Sewage petition is a step in right direction
Re: 2,200 near Prospect Lake say no to sewage plan (News, May 9)
The petition for an independent review of the CRD’s sewage treatment plan is vital because the CRD’s sewage treatment system is incorrectly designated as high-risk by the federal government.
The federal government does allow for deadline extensions if the application is made before July, 2014.
One benefit to correctly reclassifying our risk rating will allow more time to find better sites and better technology.
As well, it gives time for that independent review of the CRD sewage plan as well as necessary cost-benefit and risk analyses that have still not been done.
It’s important that these analyses must include our marine-based sewage treatment system because besides being incredibly less-expensive then land-based sewage plants, our current system enjoys two important environmental advantages: it produces virtually no bio-hazardous sewage sludge nor does it require precious urban space for more sewage plants.

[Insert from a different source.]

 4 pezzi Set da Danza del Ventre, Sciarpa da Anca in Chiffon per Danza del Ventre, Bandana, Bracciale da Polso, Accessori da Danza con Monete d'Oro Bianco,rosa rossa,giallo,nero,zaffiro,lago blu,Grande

Greens could see changes in next election
Re: MLA not green enough, (Your View, May 14)
The letter-writer succinctly expresses the frustrations felt by many who are represented by both Canada’s only elected Green Member of Parliament and only elected Green Provincial Member of the Legislative Assembly. And it’s from a double hit that Gordon Head voters must recover.
To explain such unique election results let’s not revert to the old left-coast granola metaphor (nuts, fruits and flakes) to describe errant voters.
That MLA Andrew Weaver has demonstrated a secular ability to support some export-oriented natural resource proposals is a positive sign he may last as a political entity – as either a (non-religious) Green or, by recanting, he might even be welcomed as a member of British Columbia’s current governing party.
Despite well deserved praise for her work with constituents requiring assistance, in the next election the majority of voters are not likely to support MP Elizabeth May with her consistently negative arguments against industrial or natural resource development. It’s unlikely she’ll again be able to split the two main-party votes for a plurality win.
In both Saanich and Oak Bay there’s hope that the voters’ former and long-established federal and provincial political acumen will be restored.